Data is a key factor here – the sheer amount which the government is proposing to be collected and stored is vast. Companies such as BT will have to completely transform their current operations, in order to comply with the law. At the moment, it could be argued, that the vast majority of UK companies do not have the resources to collect and store this vast amount of date – it’s not practicable – but let’s argue that it were. If the Bill were to pass, then, as Richard Anstey, CTO at Intralinks EMEA, argues, the UK economy could face a very big problem.
"With an extreme interpretation of what is ‘practicable’ the conclusion could be that anyone providing a communication service must find a way to be able to break it, so the power of the algorithms will have to be downgraded or the keys would need to be stored in a different way.
"But even if the UK were to do this, what’s to stop someone jumping to another service run from another country? The nature of the internet is such that companies and individuals who don’t want to be subject to such rules are free to move to a service covered by an alternative jurisdiction – perhaps one which applies different relative values in the delicate balance between individual privacy and government control.
"This potentially poses a risk to the technology sector of the UK economy if there is an exodus of service providers to jurisdictions that allow the provision of the type of secure service customers want to buy.
"Quite simply, gaining access to end-to-end encryption won’t give the government any better access to criminal messages because those individuals are free to jump ship to an app or service that is not subject to the charter."
Those businesses are jumping ship to sit beside other companies – companies who the UK government has no legal authority over. One only need look at the current Apple vs FBI battle raging to see how hard the charter will be to implement. Douglas Crawford, Cyber Security Expert at BestVPN, said:
"What the dispute between Apple and the FBI amply demonstrates is the difficulty the UK government will have in coercing international tech companies to comply with its frankly outrageous demands that they provide it access to the communications of their users.

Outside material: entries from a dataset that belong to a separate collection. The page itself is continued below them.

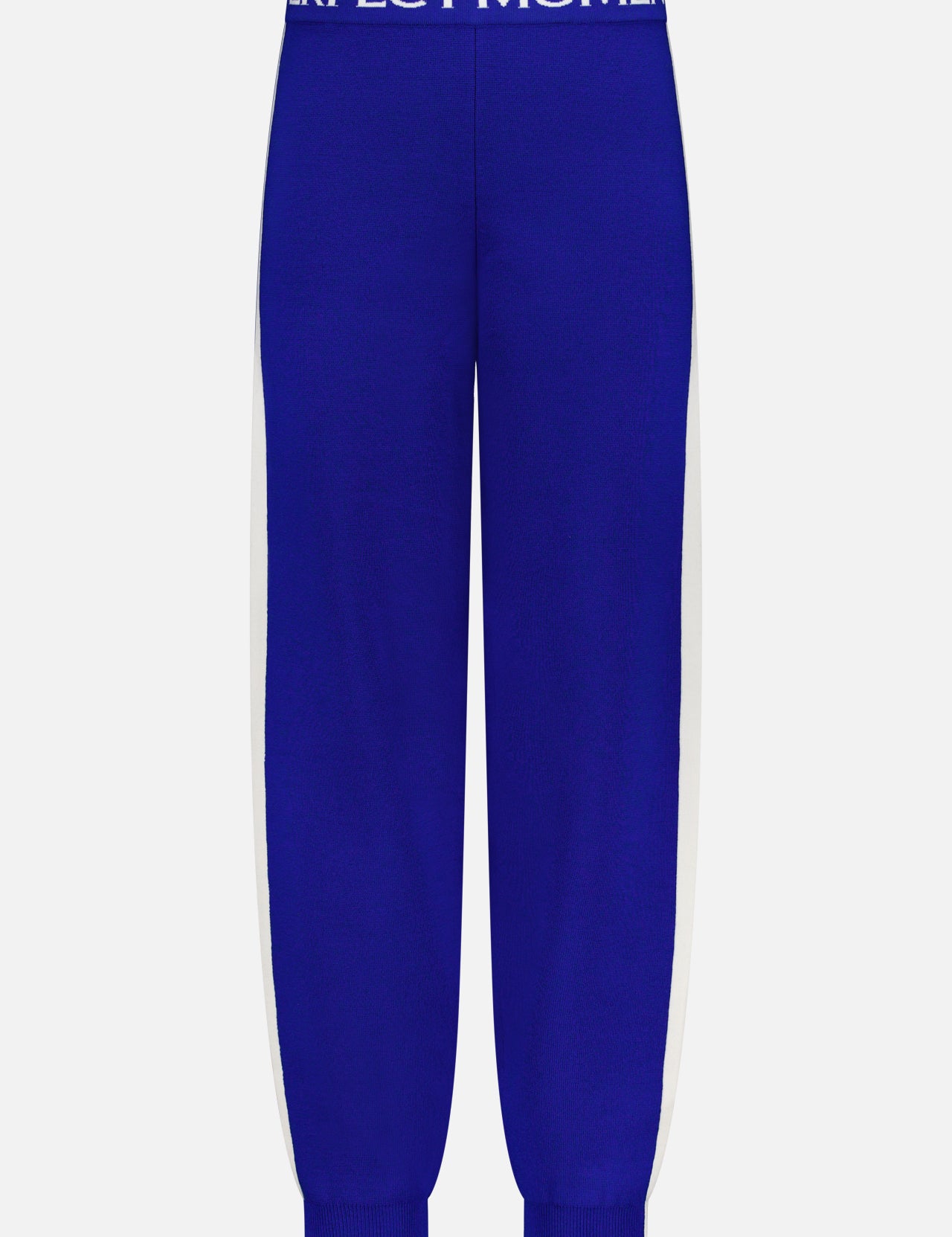 The La Tour Knitted Jogger Pant by PERFECT MOMENT features blue fabric, white side stripes, a ribbed waistband with "PERFECT MOMENT" in white lettering, and ribbed ankle cuffs for a snug après-ski fit.
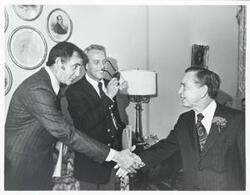 ["Black and white photograph print of Carl Albert shaking hands with an unidentified person."]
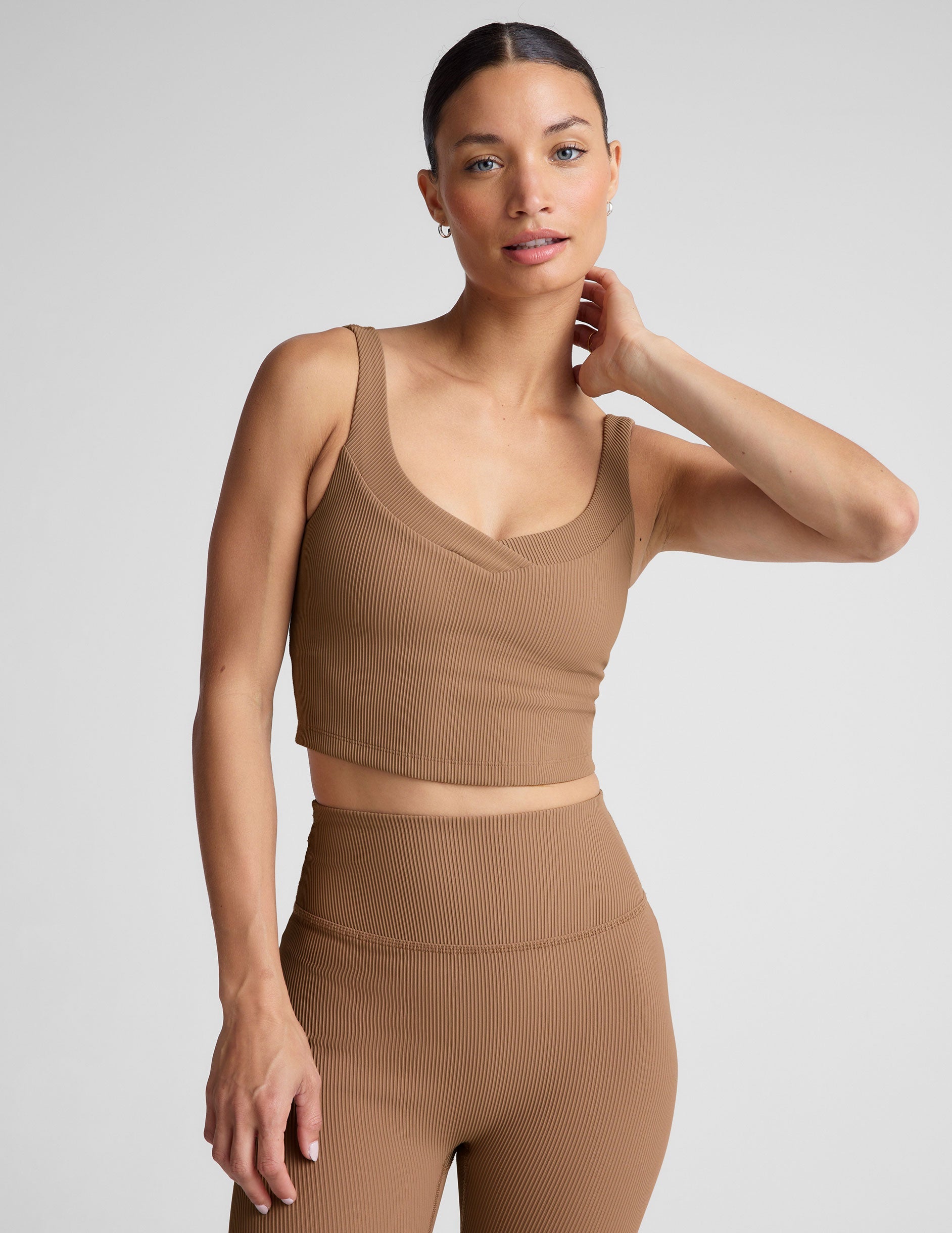 brown ribbed cropped tank with front and back v necklines.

"After all, if the US government, issuing a valid and legally binding court order to a US company is facing an uphill battle for its demands to be met (a battle that many think Apple can win), what chance does the government of a small nation with no legal authority over Apple (or Google, or Facebook) have?
"The only leverage available to it is to force these tech products out of the UK market, and good luck with that. Not only do countless UK business rely on the technologies provided by global tech companies, but just imagine how a voting electorate will feel if the government takes away its iPhones and Facebook!"
With the latest iteration of the IP Bill, the calls for more clarity have not been silenced. This IP Bill is not just about privacy, but its ability to be practicable. How are companies going to collect and store all the data required? What about the costs involved? How is the Bill going to be enforced? Will businesses just jump ship when the IP Bill becomes law, causing an exodus of business and money from the UK? How will the law be enforced on international companies?
We are, as of yet, only in the middle of the Snooper’s Charter saga, with further revisions, committees, speeches, protests etc sure to be on their way. One thing is for sure – with a law set to transform the very nature of government-citizen relations, clarity and transparency must drive the discourse.